- TASK DETAILS -
Look below for the line containing "A minimalist scene", then write out that line and every line after it to the end, exactly, minus the pictures.
*** DATA SECTION ***
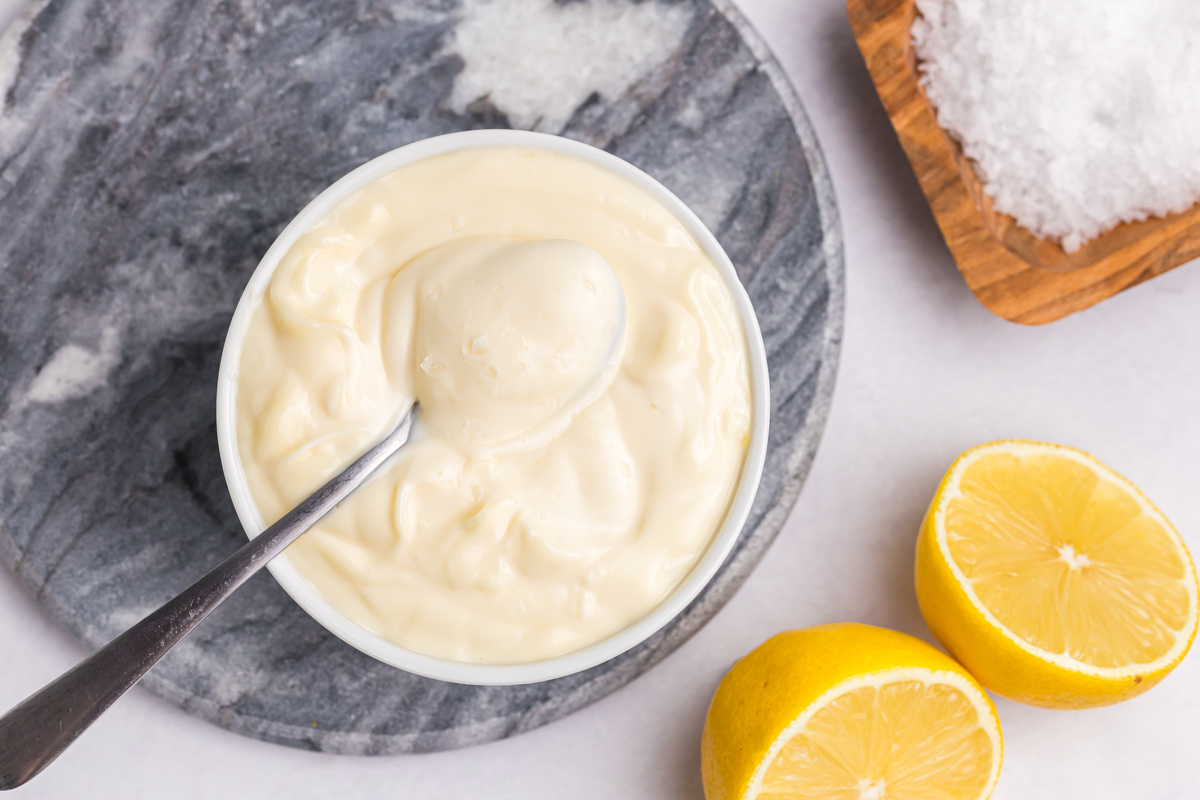 overhead shot of spoon in bowl of aioli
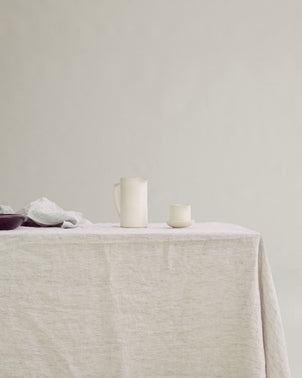 A minimalist scene featuring a ceramic pitcher and cup arranged on the Pinstripe Linen Tablecloth, with a folded cloth and bowl to the left, all set against a neutral background.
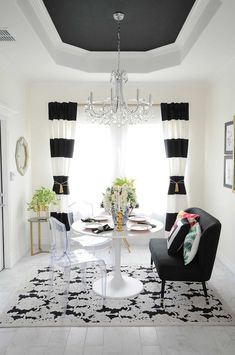 a black and white dining room with chandelier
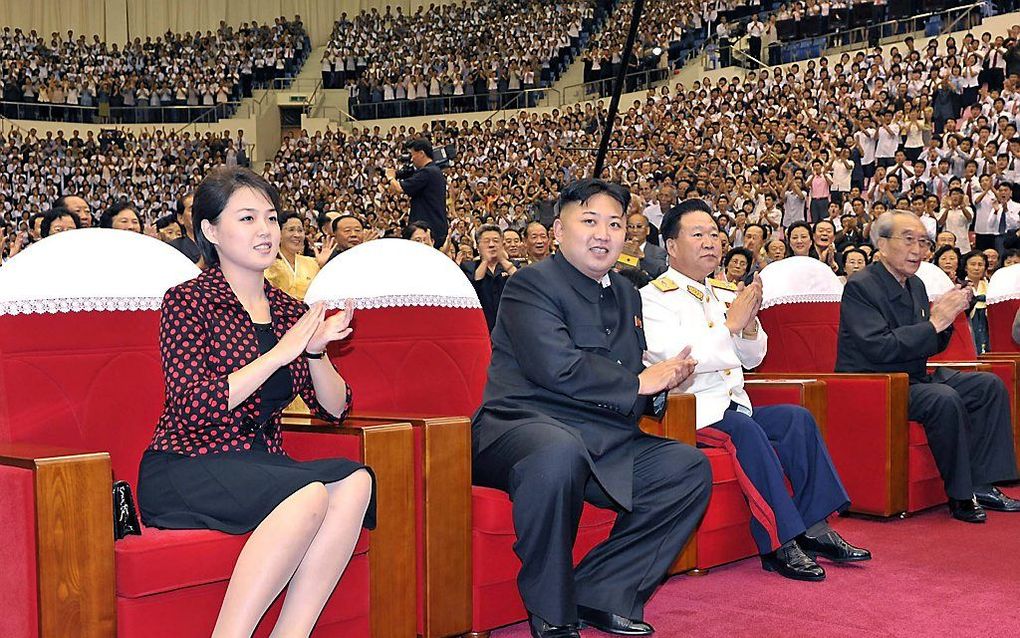 Kim Jong-un en zijn vrouw (links) waren woensdag aanwezig bij een concert in Pyongyang. Foto EPA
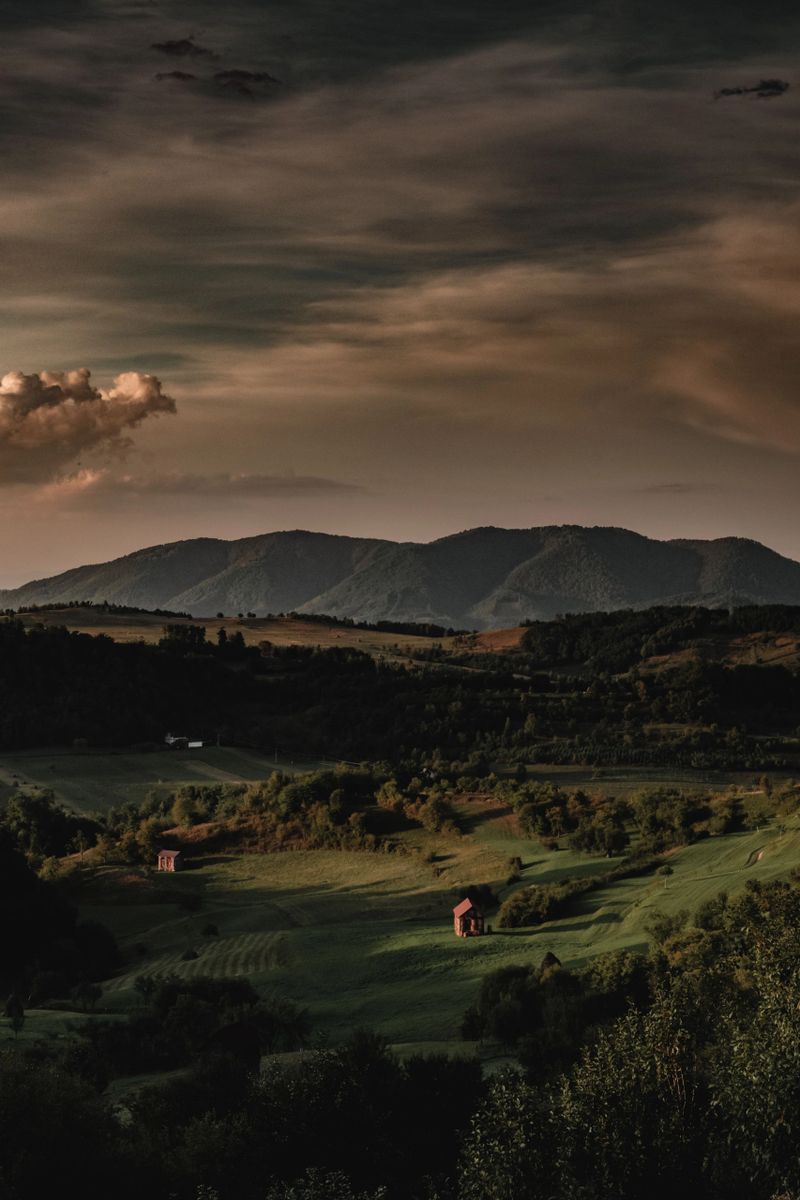 Scenic view of a serene valley with lush greenery and distant mountains under a dramatic sky at dusk.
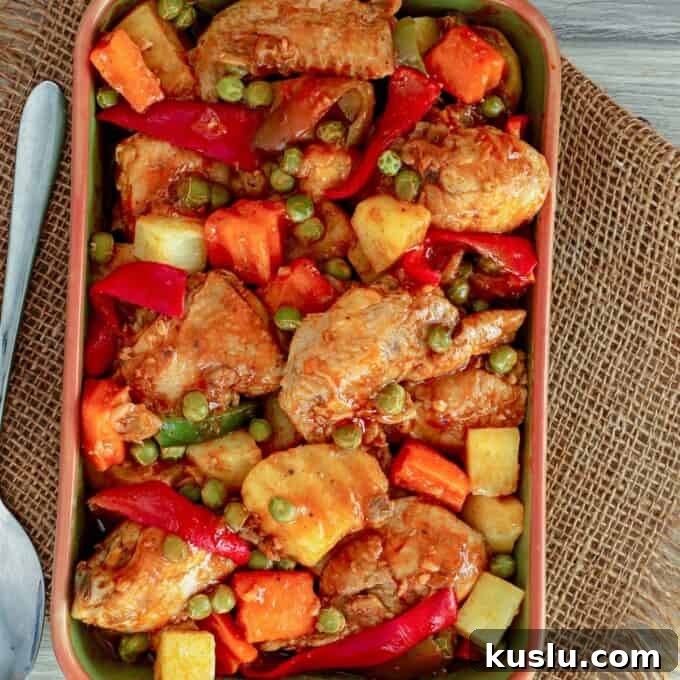 Pineapple Chicken Afritada in a serving dish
*** End of DATA SECTION ***
- SOLUTION FOR THIS PROBLEM -
 A minimalist scene featuring a ceramic pitcher and cup arranged on the Pinstripe Linen Tablecloth, with a folded cloth and bowl to the left, all set against a neutral background.
 a black and white dining room with chandelier
 Kim Jong-un en zijn vrouw (links) waren woensdag aanwezig bij een concert in Pyongyang. Foto EPA
 Scenic view of a serene valley with lush greenery and distant mountains under a dramatic sky at dusk.
 Pineapple Chicken Afritada in a serving dish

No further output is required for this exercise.